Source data

BEGIN

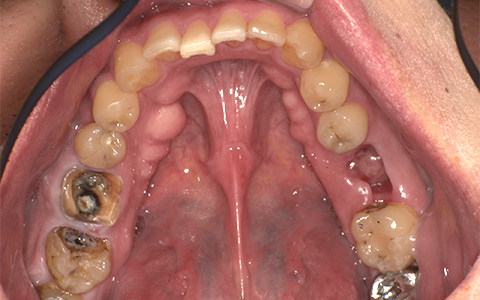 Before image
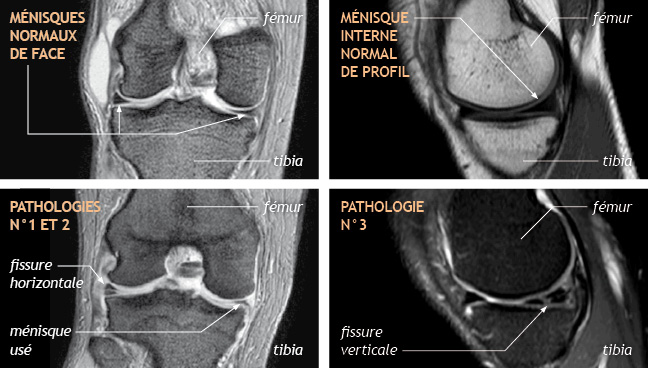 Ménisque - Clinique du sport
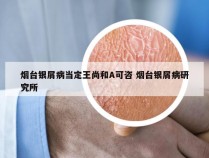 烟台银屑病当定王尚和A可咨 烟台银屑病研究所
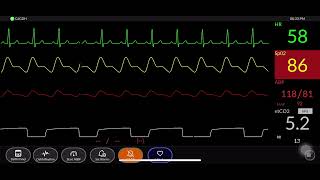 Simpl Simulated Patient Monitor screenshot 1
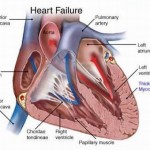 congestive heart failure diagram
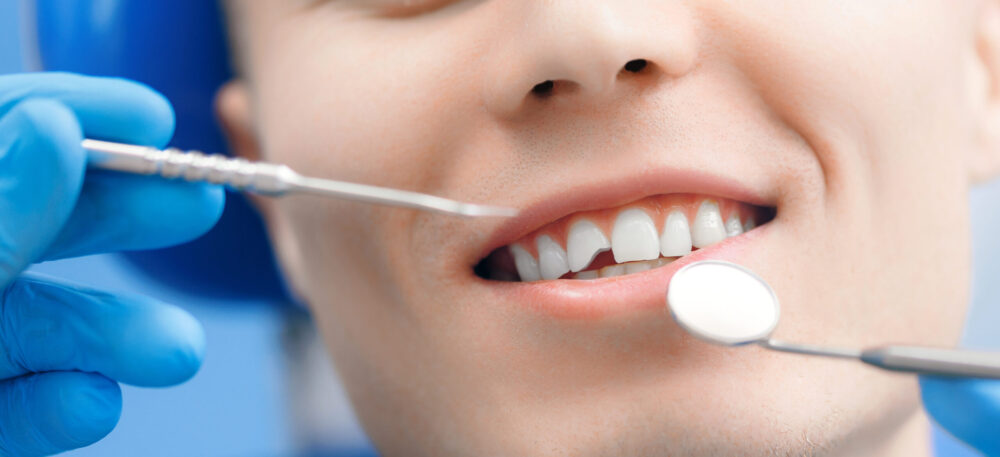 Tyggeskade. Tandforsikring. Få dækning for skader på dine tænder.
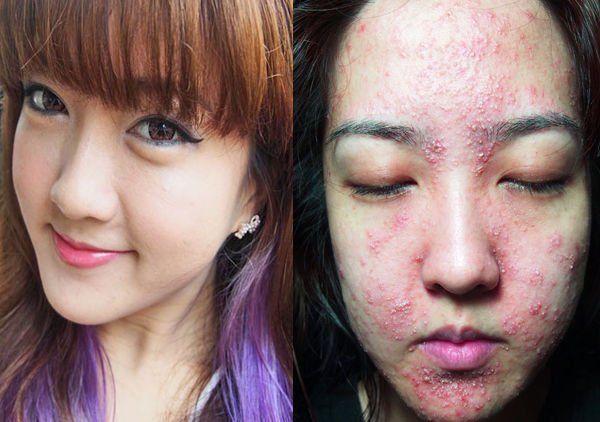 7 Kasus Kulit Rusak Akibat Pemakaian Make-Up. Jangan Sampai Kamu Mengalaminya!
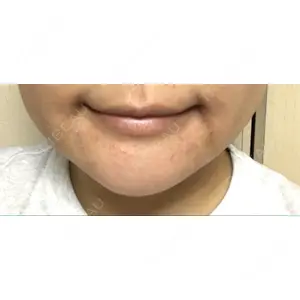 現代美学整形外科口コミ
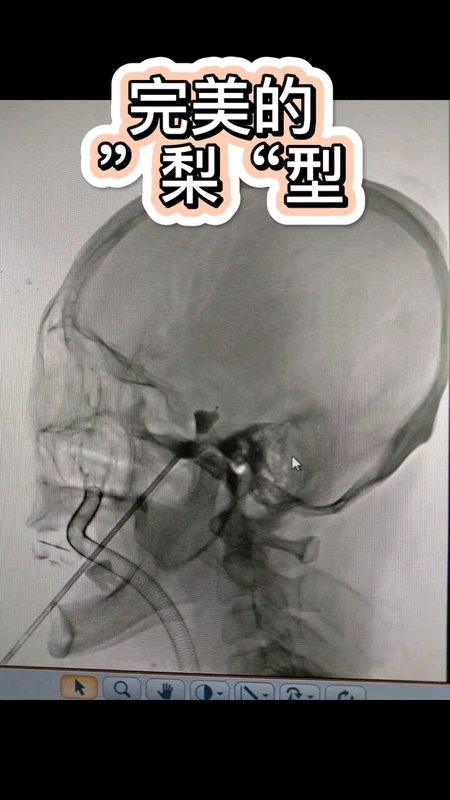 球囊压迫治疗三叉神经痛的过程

END

**Exercise description**.
In the records above, find the line with "烟台银屑病当定王尚和A可咨 烟台银屑病研究所" and the line with "7 Kasus Kulit"; please transcribe exactly those two lines and all lines between them, omitting any picture.

**Answer**.
 烟台银屑病当定王尚和A可咨 烟台银屑病研究所
 Simpl Simulated Patient Monitor screenshot 1
 congestive heart failure diagram
 Tyggeskade. Tandforsikring. Få dækning for skader på dine tænder.
 7 Kasus Kulit Rusak Akibat Pemakaian Make-Up. Jangan Sampai Kamu Mengalaminya!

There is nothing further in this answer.